El post diría algo así como que México iba a jugar muy bien e iba a perder por un gol de diferencia o en penalties como escenario más probable. El segundo lugar de probabilidad era la goleada argentina a nuestros aguerridos aguiluchos y el tercero, con un grado bajísimo de probabilidad rayana en milagro, una victoria mexicana.
El post versaba sobre mis sentimientos sobre la Argentina, tan fuertes en el tiempo en el que la visité seguido y la forma en la que se han ido diluyendo frente a la cotidianeidad de convivir con argenitnos en México, tan soberbios e insoportables "acá" como gentiles y generosos son bajo el sol austral.
El post diría que México no sabe ganar y vive de ilusiones. Que la victoria, el ser campeón, es algo en lo que no tendremos relevancia en el corto plazo. Citaría las sabias palabras que a su vez citó Salvador Leal. Compararía los sentimientos sobre la selección con los sentimientos sobre la elección, tal como ya lo hizo el Chango 100, Don Manuel Lomelí. Hablaría de nuestra tendencia a meternos autogoles, como lo ilustró Semidios aquí y aquí. Trazaría paralelos entre la historia y la organización del futbol español y su fracaso con el tradicional fracaso mexicano. Todos elementos de un gran batido de vómito de ilusiones tan vanas como estimulantes.
El post hablaba sobre la naturaleza del campeón, de cómo hay quienes se han hecho campeones, del carácter de diversión cósmica que tiene el futbol. De cómo y porque la Copa del Mundo es mucho mejor que los Juegos Olímpicos, retomando las palabras de Sagan sobre la tribu.

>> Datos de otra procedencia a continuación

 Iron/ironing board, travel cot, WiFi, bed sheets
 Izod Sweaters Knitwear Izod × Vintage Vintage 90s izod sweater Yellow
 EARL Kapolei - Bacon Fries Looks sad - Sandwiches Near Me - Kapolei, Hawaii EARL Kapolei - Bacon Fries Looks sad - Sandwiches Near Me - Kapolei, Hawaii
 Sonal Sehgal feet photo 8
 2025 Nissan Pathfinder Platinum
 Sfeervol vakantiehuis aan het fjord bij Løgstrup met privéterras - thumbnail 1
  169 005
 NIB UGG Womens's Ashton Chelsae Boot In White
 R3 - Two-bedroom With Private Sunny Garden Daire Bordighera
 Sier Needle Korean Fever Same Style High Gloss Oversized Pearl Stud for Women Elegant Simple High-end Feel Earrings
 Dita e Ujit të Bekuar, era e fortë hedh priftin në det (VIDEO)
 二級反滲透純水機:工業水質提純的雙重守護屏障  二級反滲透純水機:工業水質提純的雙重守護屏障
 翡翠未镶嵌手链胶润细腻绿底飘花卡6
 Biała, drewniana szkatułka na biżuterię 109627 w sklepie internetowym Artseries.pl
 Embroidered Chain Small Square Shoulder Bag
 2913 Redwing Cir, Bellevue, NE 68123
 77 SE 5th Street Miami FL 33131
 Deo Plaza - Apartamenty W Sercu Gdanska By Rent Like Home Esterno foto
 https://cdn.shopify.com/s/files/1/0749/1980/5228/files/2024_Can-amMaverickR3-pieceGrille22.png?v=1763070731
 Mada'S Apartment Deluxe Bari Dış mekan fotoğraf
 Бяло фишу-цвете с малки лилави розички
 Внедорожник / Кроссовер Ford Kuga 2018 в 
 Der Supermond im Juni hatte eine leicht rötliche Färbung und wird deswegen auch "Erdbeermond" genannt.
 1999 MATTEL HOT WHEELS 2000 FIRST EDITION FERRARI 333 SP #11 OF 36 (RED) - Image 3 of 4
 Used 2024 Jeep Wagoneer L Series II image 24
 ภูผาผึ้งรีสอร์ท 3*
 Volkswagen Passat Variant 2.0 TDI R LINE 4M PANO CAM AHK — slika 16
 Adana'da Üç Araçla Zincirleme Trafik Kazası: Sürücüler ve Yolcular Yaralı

Incluso me permití viajar para hacer un paralelo en lo desfasado de la historia y entender porque el resto del mundo venera al futbol y Estados Unidos no entiende dicha veneración y que eso era la explicación de porqué el mundo está como está.
Ese es el grado de enajenación en el que viví el partido. Pensaba que si se aguantaba el primer gol todo el primer tiempo debía haber posibilidades. La ilusión infantil duró 4 minutos. Era lógico, perderíamos contra Argentina.